It’s June 8, 793. You are a Benedictine monk of austerity, spending your days in and out of prayer. One morning you wake as usual on the island of Lindisfarne, overlooking the North Sea. The air is calm, weather fair. Suddenly, from out in the distance, you begin to hear the faint sound of a horn. Squinting to see what is causing the commotion, you see an incoming boat. Aboard the boat are Norse, better known as Vikings or Northmen.
Surrounding monks begin to notice and soon the church bells are ringing persistently. The Viking longboat makes harsh contact, the strakes scraping the sandy shore. Four dozen heathens sprint onto the priory grounds, adorned with facepaint and colorful garb. They ransack and raid, with axes swinging and blood spewing. The church burns above you. You’ve been cornered while protecting the treasures of St. Cuthbert, praying to God they are merciful. The invaders adorn you in chains and lead you back to their boat, along with the treasures you sought to protect with your life. Your narrative is re-written; no longer a monk, but rather a slave.

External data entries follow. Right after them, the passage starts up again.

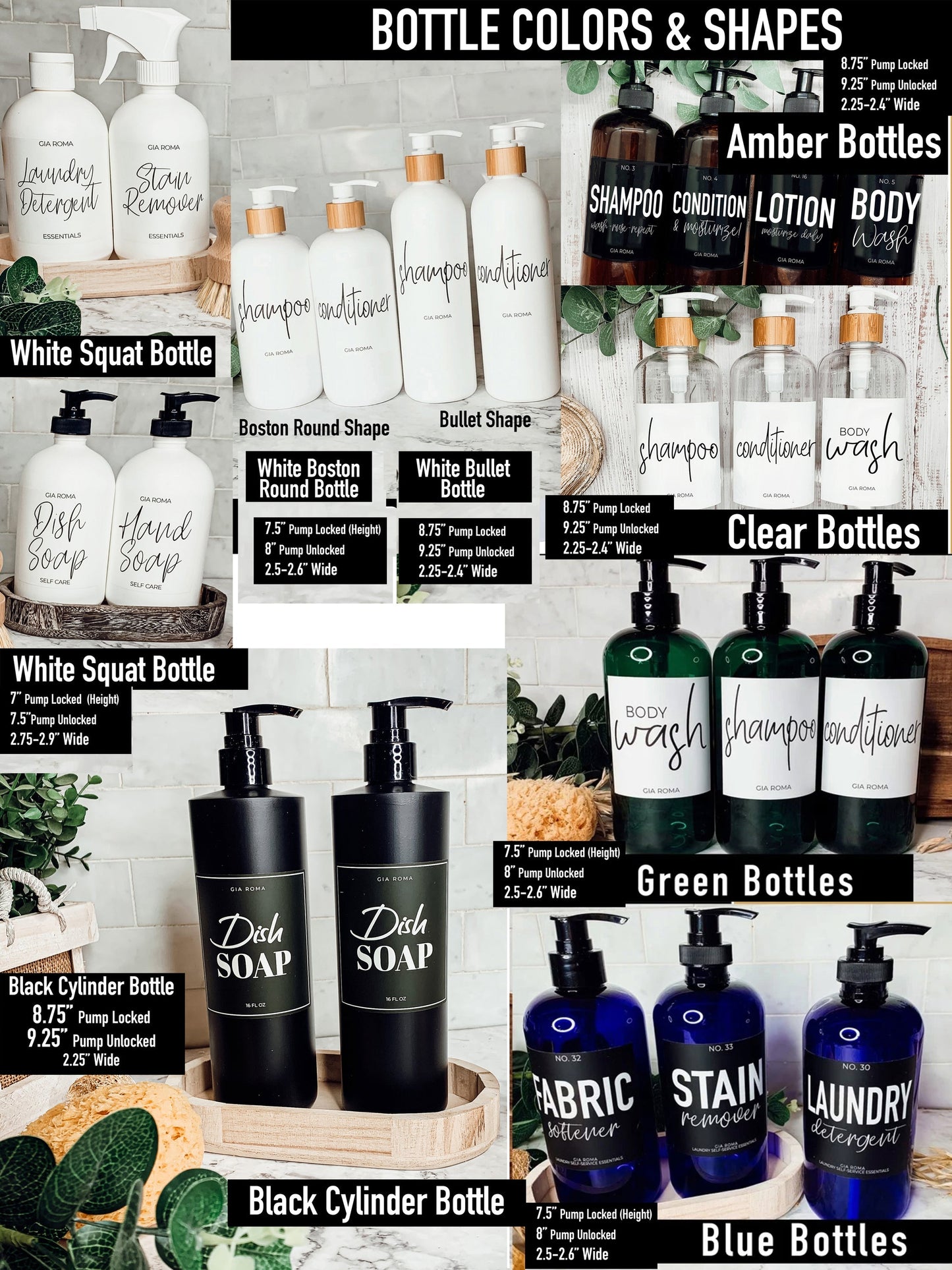16oz Bernsteinfarbene nachfüllbare Kunststoff-Patronenflasche Schwarzer Etikettenspender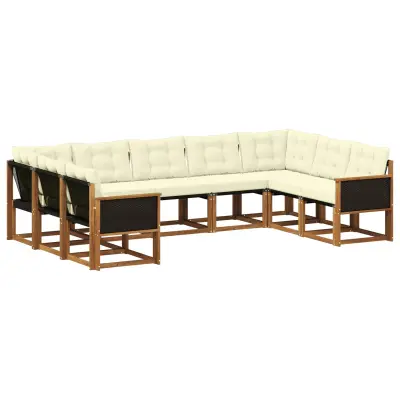 vidaXL Zunanja garnitura za sedenje z blazino 9 pcs Naravna in smetana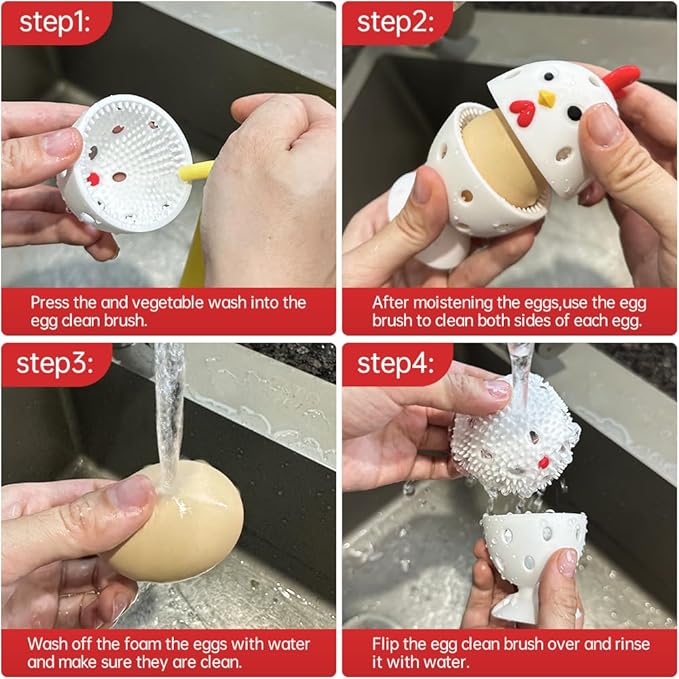 Egg Brush Cleaner, 2PCS Silicone Egg Cleaner Scrubber for Fresh Eggs, Multipurpose Fruit and Vegetable Rotating Scrubber Tool for Fresh Eggs, Cute Reusable Chicken Egg Washer Brush (Grey)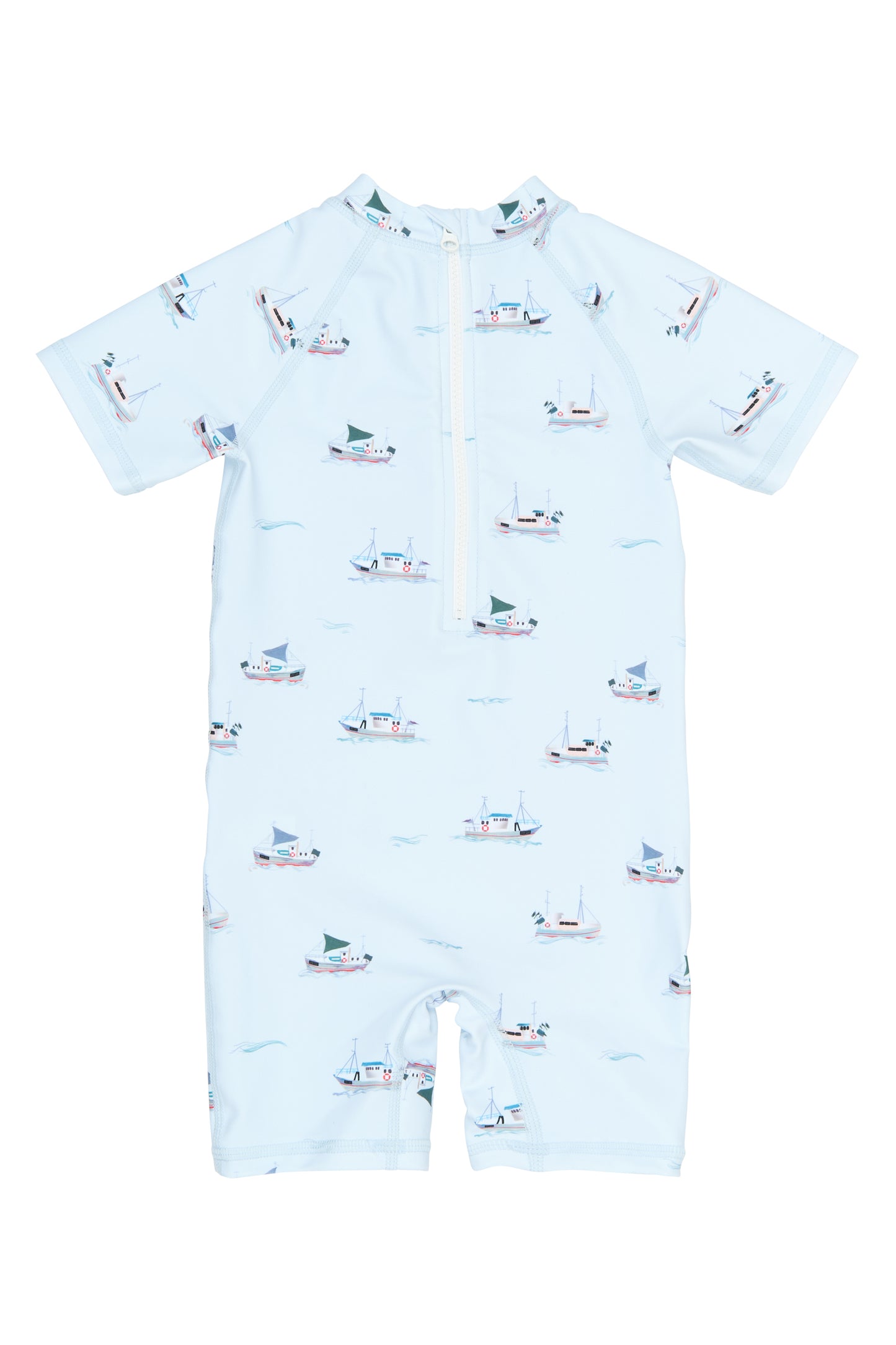 petit piao | Swim Jumpsuit | Illusion Blue Boat AOP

Lindisfarne Priory is believed to be the first notable Viking raid location in all of England (there were prior, but these weren’t monastic). Due to northern raiding concerns, it sat abandoned from 875-1082. It was once again repopulated by the mid to late 12th century. It continues to be a significant early English Christian holy site.
It can be visited during safe crossing times as the causeway may be covered by high tides.